Published online by Cambridge University Press: 21 November 2009
If ultimately I rest content with the Urphenomenon, it is, after all, but a kind of resignation; yet it makes a great difference whether I resign myself at the boundaries of humanity, or within a hypothetical narrowness of my small-minded individuality.
– Goethe (MR, no. 577)Urphenomenality and the basis of science
The Opticks spurred the growth of eighteenth-century experimental science by teaching investigators to see theoretically, mathematicophysically. Both the Opticks and the Principia provided decisive paradigms for exploring in detail the substructures of everyday appearances.

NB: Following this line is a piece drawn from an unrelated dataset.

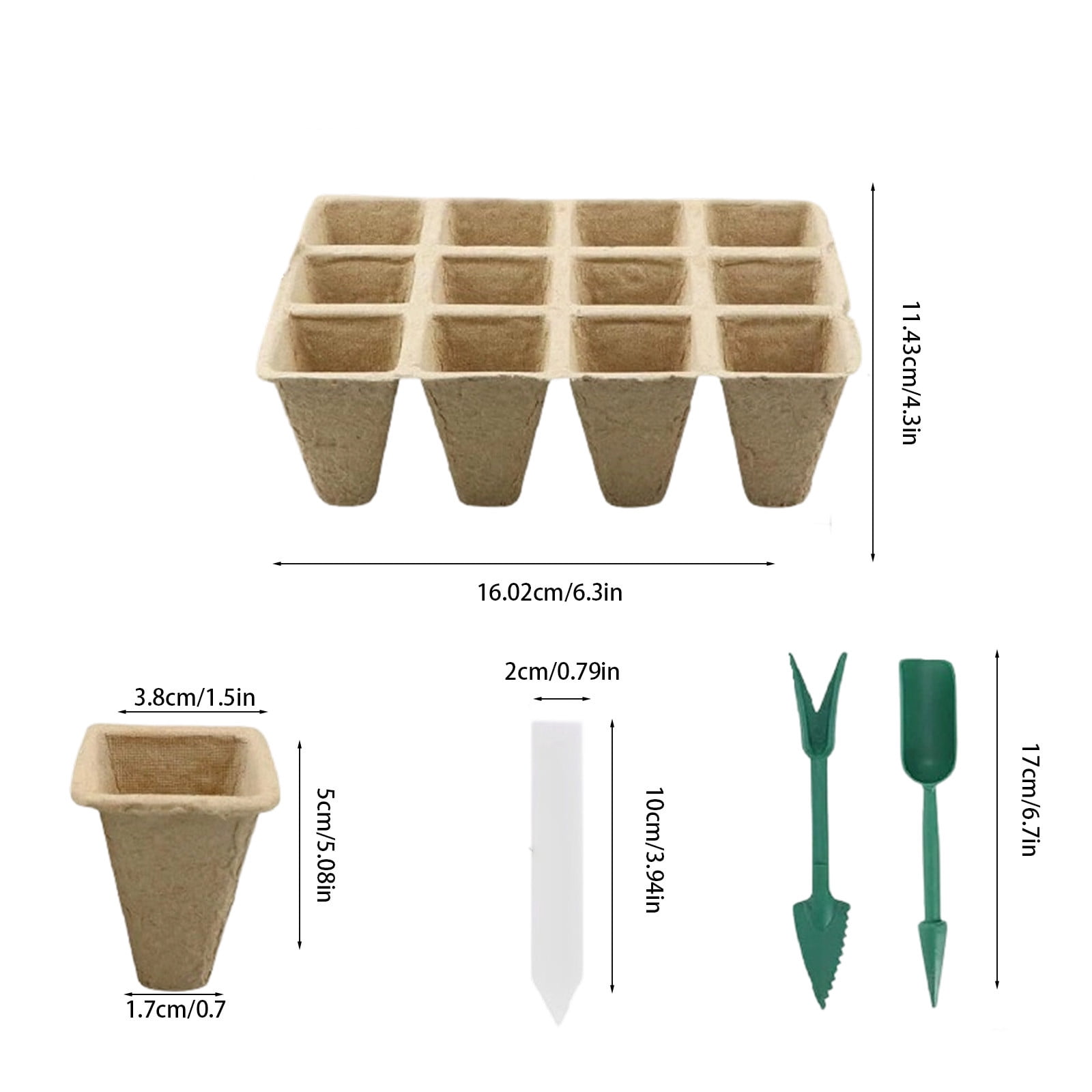 Naittoop 5 Trays Starter Pots with 60 Labels and 2 Tools,Organic Planting Peat Pots for Indoor Garden ling,100% Eco-Friendly and Biodegradable for Germination,60 Cells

The Opticks in particular showed how from within the bewildering, apparently arbitrary domain of colors one could gain virtually self-evident mathematicophysical knowledge about the nature of light and colors by fusing the way of experiment with mathematical demonstration. Thenceforth, wherever the physicist saw light, he also saw geometrically conceived color rays. The eye became little more than a passive detector, even an undependable one, for it could be deceived when it was fatigued or when the rays were mixed with one another.
Almost every early nineteenth-century critic of Goethe's Zur Farbenlehre had been initiated into this kind of seeing and took for granted the factuality of Newton's interpretation (indeed, Goethe complained that not just physicists but also almost every intelligent layman had been indoctrinated as well; see LA I, 3: 116).